Bruno Le Maire a souligné l’importance d’éviter un conflit commercial avec Pékin, rappelant que la Chine est « notre partenaire économique ». Cependant, il a également affirmé que le G7 doit défendre ses intérêts industriels.
« Une guerre commerciale n’est dans l’intérêt ni des États-Unis, ni de la Chine, ni de l’Europe, ni d’aucun pays du monde », a déclaré Bruno Le Maire. « Néanmoins, nous avons un problème avec les pratiques commerciales déloyales, le niveau élevé des subventions et les surcapacités industrielles (de la Chine). »

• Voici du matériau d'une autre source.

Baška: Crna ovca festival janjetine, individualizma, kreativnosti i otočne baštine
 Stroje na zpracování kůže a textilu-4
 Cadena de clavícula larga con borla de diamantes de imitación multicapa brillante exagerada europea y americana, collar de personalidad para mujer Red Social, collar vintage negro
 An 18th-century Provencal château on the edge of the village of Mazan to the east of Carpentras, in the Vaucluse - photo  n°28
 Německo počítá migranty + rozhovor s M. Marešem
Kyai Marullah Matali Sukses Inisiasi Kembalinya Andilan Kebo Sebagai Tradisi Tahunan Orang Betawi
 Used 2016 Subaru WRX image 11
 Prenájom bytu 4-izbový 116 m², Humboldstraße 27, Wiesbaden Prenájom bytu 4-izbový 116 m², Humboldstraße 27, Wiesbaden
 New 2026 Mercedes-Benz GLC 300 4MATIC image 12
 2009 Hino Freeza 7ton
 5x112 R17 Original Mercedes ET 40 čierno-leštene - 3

Giancarlo Giorgetti a indiqué que l’Union européenne pourrait suivre les États-Unis dans l’augmentation des droits de douane sur certaines importations chinoises. Cette discussion survient alors que les États-Unis ont récemment imposé des hausses tarifaires sur des produits chinois, y compris les batteries de véhicules électriques et les puces informatiques.
Bientôt un impôt mondial ?
Les ministres ont également discuté d’un impôt minimum mondial sur les multinationales, bien que des réserves subsistent de la part des États-Unis, de l’Inde et de la Chine. L’accord, qui a été signé par environ 140 pays en 2021, n’a jamais été pleinement mis en œuvre.
Par ailleurs, la proposition de la France et du Brésil d’un impôt mondial sur la fortune des milliardaires a été évoquée, malgré le manque de soutien actuel des États-Unis.
Les discussions se poursuivront dans les prochaines semaines pour affiner ces propositions avant le Sommet des chefs d’État et de gouvernement du G7 en juin. Les avancées réalisées à Stresa marquent un pas significatif vers un soutien financier accru à l’Ukraine et une réponse coordonnée aux défis commerciaux posés par la Chine.